Could you write out the lines below exactly, beginning with the first and finishing with the one that contains "Fresh made Bagel"?

Content starts

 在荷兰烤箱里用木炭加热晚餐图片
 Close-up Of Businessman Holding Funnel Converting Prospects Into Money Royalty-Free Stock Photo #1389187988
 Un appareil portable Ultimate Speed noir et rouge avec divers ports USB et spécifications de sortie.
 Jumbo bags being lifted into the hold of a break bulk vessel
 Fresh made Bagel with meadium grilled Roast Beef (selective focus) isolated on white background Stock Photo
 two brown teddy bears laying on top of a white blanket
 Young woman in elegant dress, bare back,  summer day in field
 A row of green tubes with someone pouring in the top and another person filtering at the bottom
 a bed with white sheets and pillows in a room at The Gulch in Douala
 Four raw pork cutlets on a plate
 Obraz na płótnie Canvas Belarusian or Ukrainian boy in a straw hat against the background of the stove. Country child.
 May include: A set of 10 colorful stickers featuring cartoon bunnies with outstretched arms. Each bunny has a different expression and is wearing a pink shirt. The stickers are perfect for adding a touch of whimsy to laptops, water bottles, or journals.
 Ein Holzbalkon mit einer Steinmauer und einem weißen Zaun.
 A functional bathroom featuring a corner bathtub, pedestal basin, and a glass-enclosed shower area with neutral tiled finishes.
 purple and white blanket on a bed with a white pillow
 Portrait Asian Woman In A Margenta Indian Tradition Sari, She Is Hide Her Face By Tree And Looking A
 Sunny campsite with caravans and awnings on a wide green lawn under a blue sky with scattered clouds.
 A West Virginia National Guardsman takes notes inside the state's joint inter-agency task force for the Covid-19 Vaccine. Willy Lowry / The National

Content ends

Answer section.
 在荷兰烤箱里用木炭加热晚餐图片
 Close-up Of Businessman Holding Funnel Converting Prospects Into Money Royalty-Free Stock Photo #1389187988
 Un appareil portable Ultimate Speed noir et rouge avec divers ports USB et spécifications de sortie.
 Jumbo bags being lifted into the hold of a break bulk vessel
 Fresh made Bagel with meadium grilled Roast Beef (selective focus) isolated on white background Stock Photo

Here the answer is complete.